監督は、フェリーニ、ヴィスコンティなどの豊かなイタリア映画史の遺伝子を確かに受け継ぎながら、
革新的な作品を発表し続けているアリーチェ・ロルヴァケル。カンヌ国際映画祭において『夏をゆく人々』(15)でグランプリ、
『幸福なラザロ』(19)では脚本賞を受賞。マーティン・スコセッシ、ポン・ジュノ、ソフィア・コッポラ、グレタ・ガーウィグ、
ギレルモ・デル・トロ、アルフォンソ・キュアロン、ケリー・ライカートらがファンを公言したり、製作のバックアップに名乗りをあげるなど、
世界中の映画人がその唯一無二の才能に惚れこんでいる。
スコセッシ、ポン・ジュノ、グレタ・ガーウィグら
世界中の映画人が惚れ込んだ
アリーチェ・ロルヴァケル監督(『幸福なラザロ』)最新作
ギリシャ神話の悲劇のラブストーリーをモチーフにした
《幻想》を追い求める墓泥棒たちの数奇な物語
80年代、イタリア・トスカーナ地方の田舎町。忘れられない恋人の影を追う、考古学愛好家のアーサー。
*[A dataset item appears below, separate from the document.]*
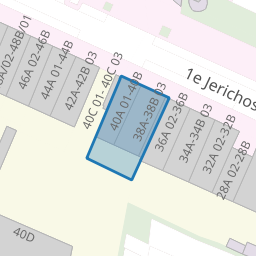 Perceel KLG00-G-6421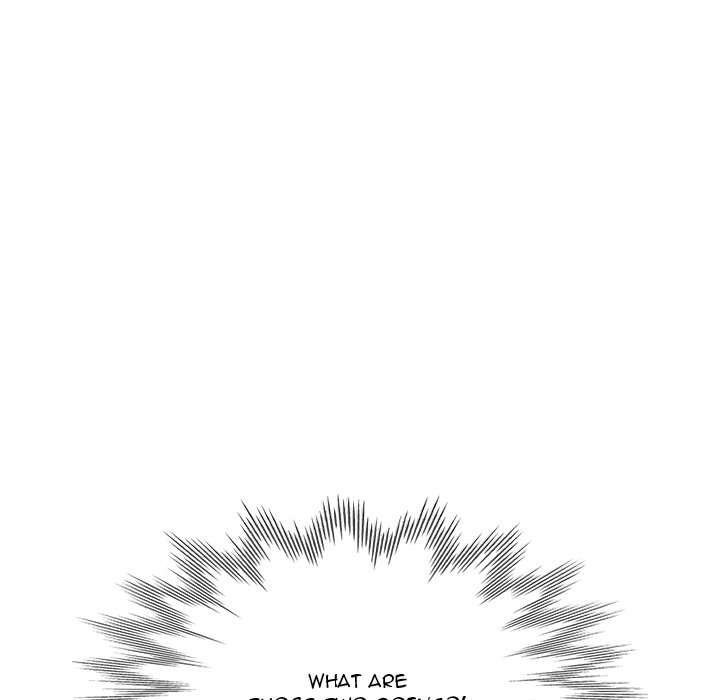 Stretched Out Love chapter 17 page 194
彼は紀元前に繁栄した古代エトルリア人の墓をなぜか発見できる特殊能力を持っている。
墓泥棒の仲間たちと掘り出した埋葬品を売りさばいては日銭を稼ぐ日々。
ある日、稀少な価値を持つ美しい女神像を発見したことで、闇のアート市場をも巻き込んだ騒動に発展していく…。
夢、富、忘れられない愛する人――これは人の果てなき探求を描く物語。最愛の人の影を追うアーサーの姿は、亡くなった妻を生き返らせるために
冥界に赴いたギリシャ神話「オルフェウスとエウリュディケ」の悲劇のラブストーリーを想起させる。
今作はロルヴァケル監督作品のなかでも最も切なくロマンチックな物語だ。
生と死、空想と現実の境目を自由自在に飛翔するマジック・リアリズム。
まるで美しいトスカーナの迷宮に踏み込んでいくかのような、めくるめく幻想譚を堪能あれ。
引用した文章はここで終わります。